From that point on, the Thunder never looked back, ultimately routing the less experienced Rockets team 120-91. In a series that many think will be a lot closer than what the Thunder want, the Thunder dominated Game 1, making a statement to all doubters across the league.
Westbrook was absolutely tremendous, nearly recording a triple-double. He had 19 points, 10 assists and eight rebounds in the game. Kevin Durant led the Thunder in points with 24.
The thing that should be taken from this game was the defense of the Thunder. The Rockets were discombobulated, desperate and completely out of rhythm. In James Harden’s first playoff game with the Rockets — against his former team, ironically — he was held to 20 points off of 6-19 shooting from the field.
The Thunder’s key to winning the series handily is keeping Harden in check, and last night, that is exactly what the Thunder did. Harden has had trouble shooting the ball in Oklahoma City this season. In his two games at Chesapeake Arena, he has 37 points on 9-35 shooting.
James Harden just tried to intimidate Kevin Martin by staring right into his face before K-Mart inbounded the ball. Martin just laughed.
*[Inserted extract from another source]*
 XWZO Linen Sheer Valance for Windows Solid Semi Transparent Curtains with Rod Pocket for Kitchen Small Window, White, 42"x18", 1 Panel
— Darnell Mayberry (@DarnellMayberry) April 22, 2013
Harden was seemingly ineffective due to the amount of attention he was receiving from the Thunder’s defense. The next highest scorer behind Harden’s 20 points was Patrick Beverly with 11 points.
Royce Young on dailythunder.com noted the Thunder’s defensive strategy and its effectiveness throughout the game:
The Rockets clearly had problems not only containing OKC’s speed and power, but solving the Thunder’s defensive puzzle. Kevin McHale talked postgame about the Thunder’s clever defensive strategy that involved switching a lot of screens, specifically big to small, which sort of baited Houston’s ballhandlers into isolation and caused them to stop moving the ball.
Now, the question is if the Thunder can continue their great defensive play against the second highest scoring team in the league. They certainly can not become complacent in the next game against the Rockets and risk dropping Game 2. If the Thunder play the way they did in Game 1 on a consistent basis, they will be a very tough match-up for any team in the playoffs.